DATA FOR THIS TASK:
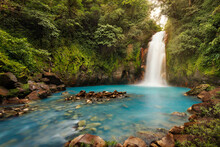 Volcan Tenorio Waterfall In The Jungle In Costa Rica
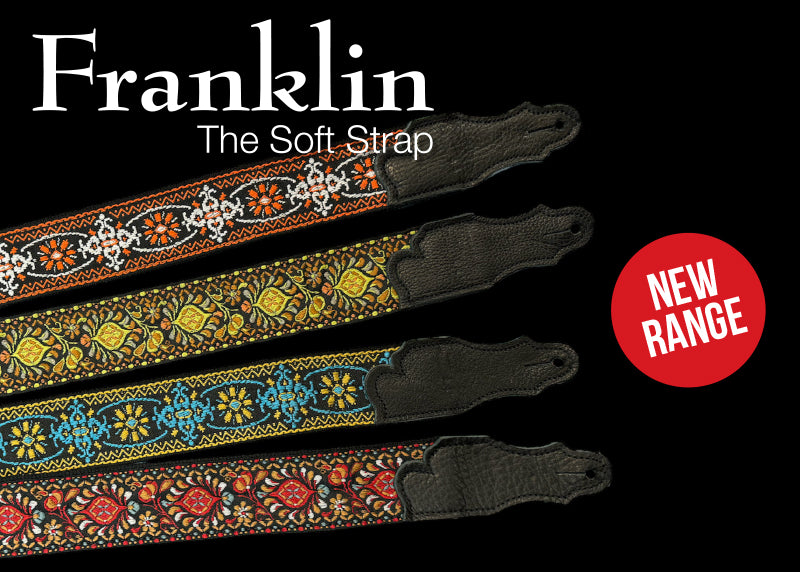 Franklin 2" Red/Bronze Retro Folk Weave Guitar Strap with Glove Leather End Tab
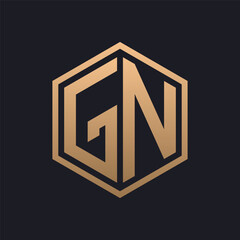 Elegant Hexagon Letter GN Logo Design. Initial Luxurious GN Logo Template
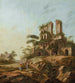 Landscape Painting with the Ruins of Aqua Julia in Rome - Jean-Baptiste Pillement — artwork view
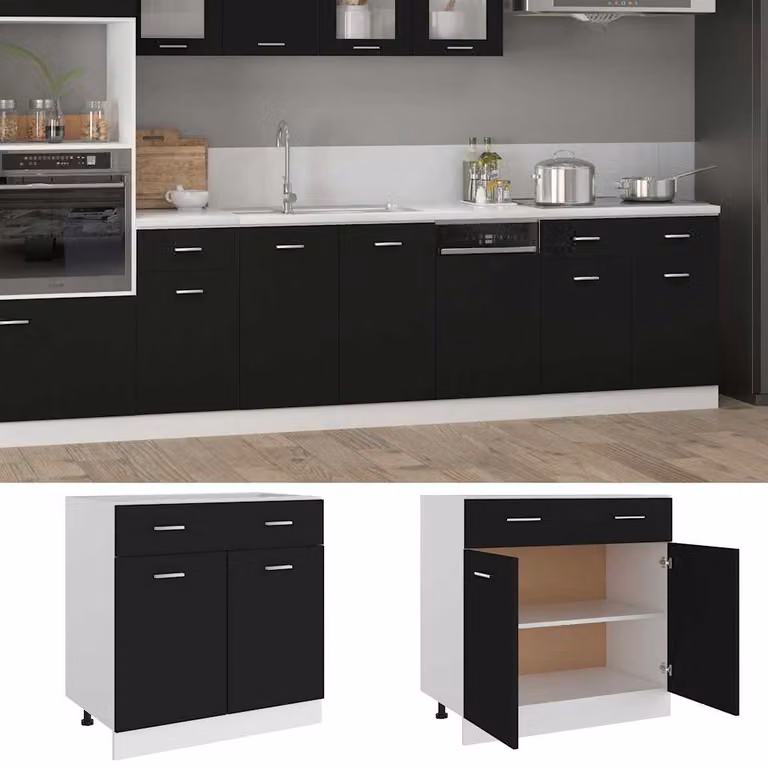 vidaXL Mobile Inferiore Cassetto “Lyon” Nero 80x46x81,5 cm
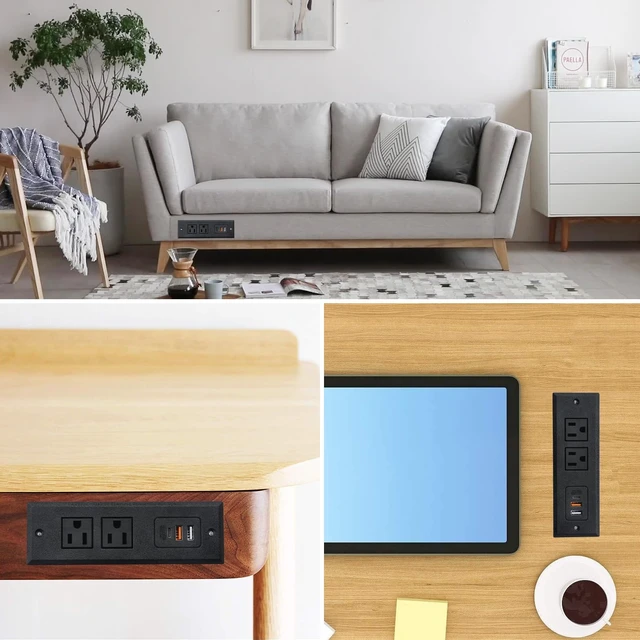 Alt view image 5 of 7 - 2 Pack Furniture Recessed Power Strip with USB C Port, Desk Outlet with 3 USB Ports, Conference Recessed Power Strip Socket with USB Ports with 2 Ac Plugs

WHAT IS EXPECTED:
From the first line to the last, output the data exactly, without the pictures.

EXERCISE ANSWER:
 Volcan Tenorio Waterfall In The Jungle In Costa Rica
 Franklin 2" Red/Bronze Retro Folk Weave Guitar Strap with Glove Leather End Tab
 Elegant Hexagon Letter GN Logo Design. Initial Luxurious GN Logo Template
 Landscape Painting with the Ruins of Aqua Julia in Rome - Jean-Baptiste Pillement — artwork view
 vidaXL Mobile Inferiore Cassetto “Lyon” Nero 80x46x81,5 cm
 Alt view image 5 of 7 - 2 Pack Furniture Recessed Power Strip with USB C Port, Desk Outlet with 3 USB Ports, Conference Recessed Power Strip Socket with USB Ports with 2 Ac Plugs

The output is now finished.